Voir le détail de la question et de la réponse du ministère

Détail de la question de la députée Maud Petit publiée le 20 mars 2018
« Mme Maud Petit alerte Mme la garde des sceaux, ministre de la justice, sur le projet de construction de prison dans la commune de Noiseau, 4ème circonscription du Val-de-Marne. Il y a quelques mois, le maire de Noiseau a fait état à Mme la députée d’une étude ministérielle en cours visant à construire une prison. Étant donné la surpopulation des prisons françaises, et de la volonté politique – à juste titre – de faire appliquer les peines de prison, la nécessité de créer de nouveaux établissements est évidente et justifiée. Cependant, la singularité de la commune de Noiseau rend ce projet discutable : Noiseau compte moins de 5 000 habitants pour une superficie de 4,49 km². Elle représente la dernière terre agricole de la 4ème circonscription du Val de Marne. Ses grandes étendues vertes, son ambiance de petit village de campagne en font une ville verte, calme. Le réseau de transports en commun y est d’ailleurs peu développé, ce qui poserait des problèmes d’accessibilité. Noiseau est unique dans cette circonscription à dominance urbaine. De plus, la commune est déjà touchée par des amendes découlant de la loi relative à la solidarité et au renouvellement urbain (SRU) ; Elle a donc besoin de tous les espaces libres nécessaire pour se conformer à la législation en vigueur, ce qui représente un effort considérable pour une petite commune. Enfin, Il est important de rappeler qu’un autre projet de construction pénitentiaire concernant la ville de Noisy-le-Grand (93) est également en cours d’étude : commune se trouvant à une quinzaine de kilomètres de la ville de Noiseau. Il est difficile de comprendre et de justifier la construction de deux prisons aussi rapprochées géographiquement parlant. Autre point à prendre en considération, c’est l’existence de la seconde plus grande prison d’Île-de-France – Fresnes – dans le Val-de-Marne, qui recense plus de 2 800 détenus. Au regard de ces éléments, elle souhaiterait que le projet de construction d’une prison dans la commune de Noiseau soit abandonné, et la questionne en ce sens.»

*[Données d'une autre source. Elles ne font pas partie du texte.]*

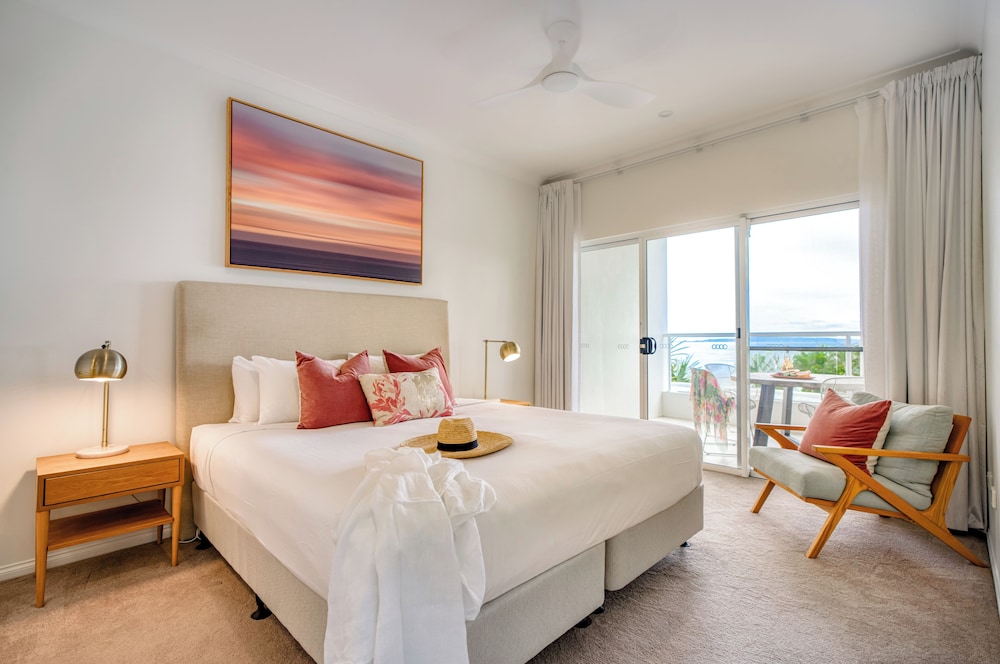 2 BEDROOMS, PREMIER, APARTMENT, OCEAN VIEW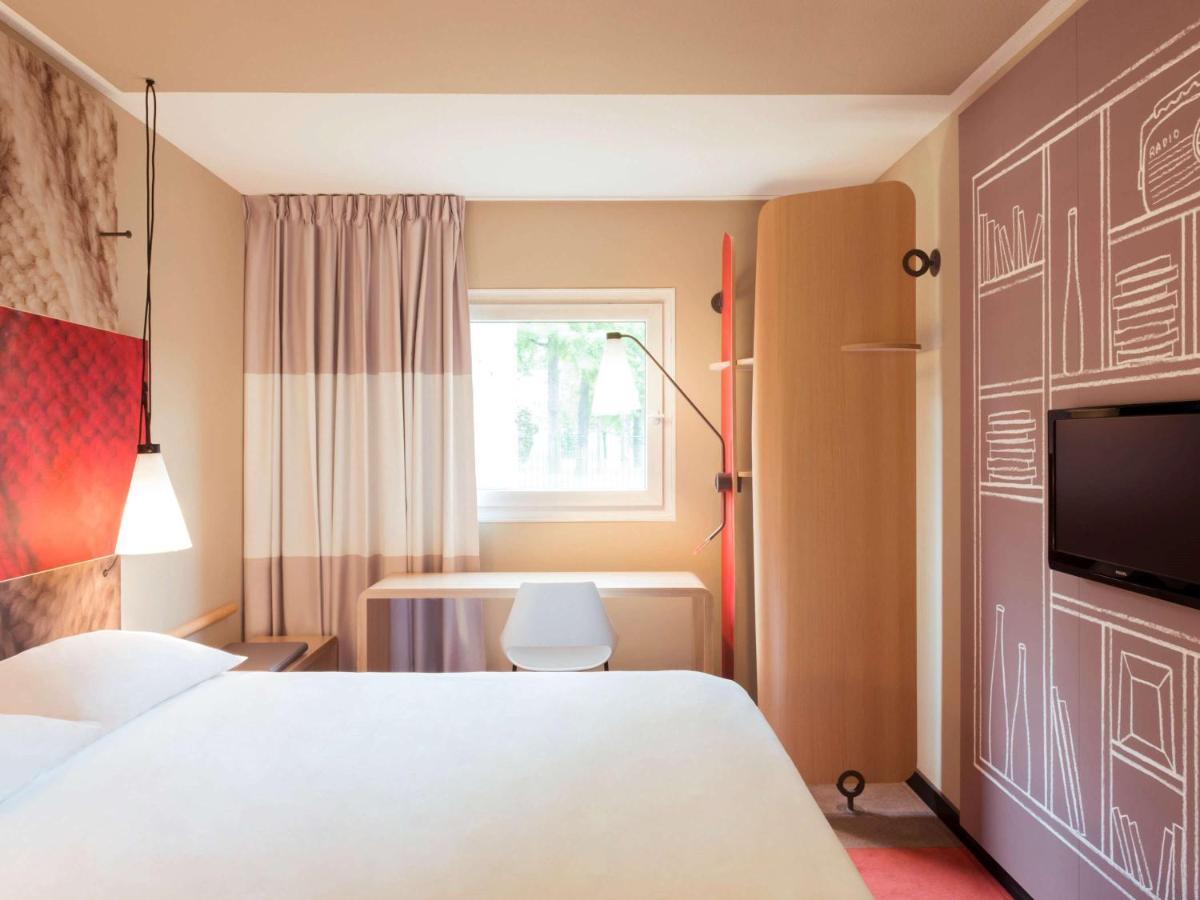 Standard Double Room,945694495:JPEG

Détail de la réponse du ministère publiée le 25 décembre 2018
« Conformément à l’engagement du Président de la République, 15 000 places de prison supplémentaires seront créées. La livraison de 7000 places supplémentaires d’ici 2022 et le lancement de projets permettant la réalisation de 8000 autres, portés par la loi de programmation 2018-2022 et de réforme pour la justice, doit permettre d’accroitre, de moderniser le parc immobilier et de l’adapter fonctionnellement aux catégories de détenus accueillis et aux types de prise en charge souhaités (maison d’arrêt et centre de détention, structures d’accompagnement vers la sortie, quartiers permettant la mise en œuvre des régimes de confiance, établissements tournés vers la réinsertion par l’activité économique). Les nouveaux établissements doivent être implantés sur les territoires où la surpopulation est la plus forte, en particulier en région parisienne. C’est notamment le cas dans le Val-de-Marne où le taux d’occupation de la maison d’arrêt de Fresnes avoisine depuis plusieurs années 200 % ; comme dans d’autres départements d’Ile-de-France, le programme immobilier pénitentiaire prévoit la construction d’une maison d’arrêt de 700 places. Après deux années de recherches foncières difficiles, un terrain identifié sur la commune de Noiseau a fait l’objet d’études de faisabilité dont les conclusions sont favorables ; aucune proposition alternative répondant au cahier des charges n’a été présentée dans le département. Le projet évoqué de construction d’une structure pénitentiaire dans la ville de Noisy-le-Grand porte sur la création d’une structure d’accompagnement vers la sortie qui répond à d’autres impératifs (prise en charge axée sur la préparation de la sortie des courtes peines ou reliquats inférieurs à 2 ans) et d’une capacité très inférieure (120 places en ville). La garde des Sceaux, ministre de la justice, a reçu le 11 décembre dernier les élus concernés par l’implantation d’un établissement pénitentiaire à Noiseau. L’ensemble des possibilités pour permettre l’implantation, dans les meilleures conditions, d’un centre pénitentiaire de 700 places dans le Val-de-Marne, seront étudiées afin de parvenir, en concertation avec les élus, à la solution la plus adaptée.»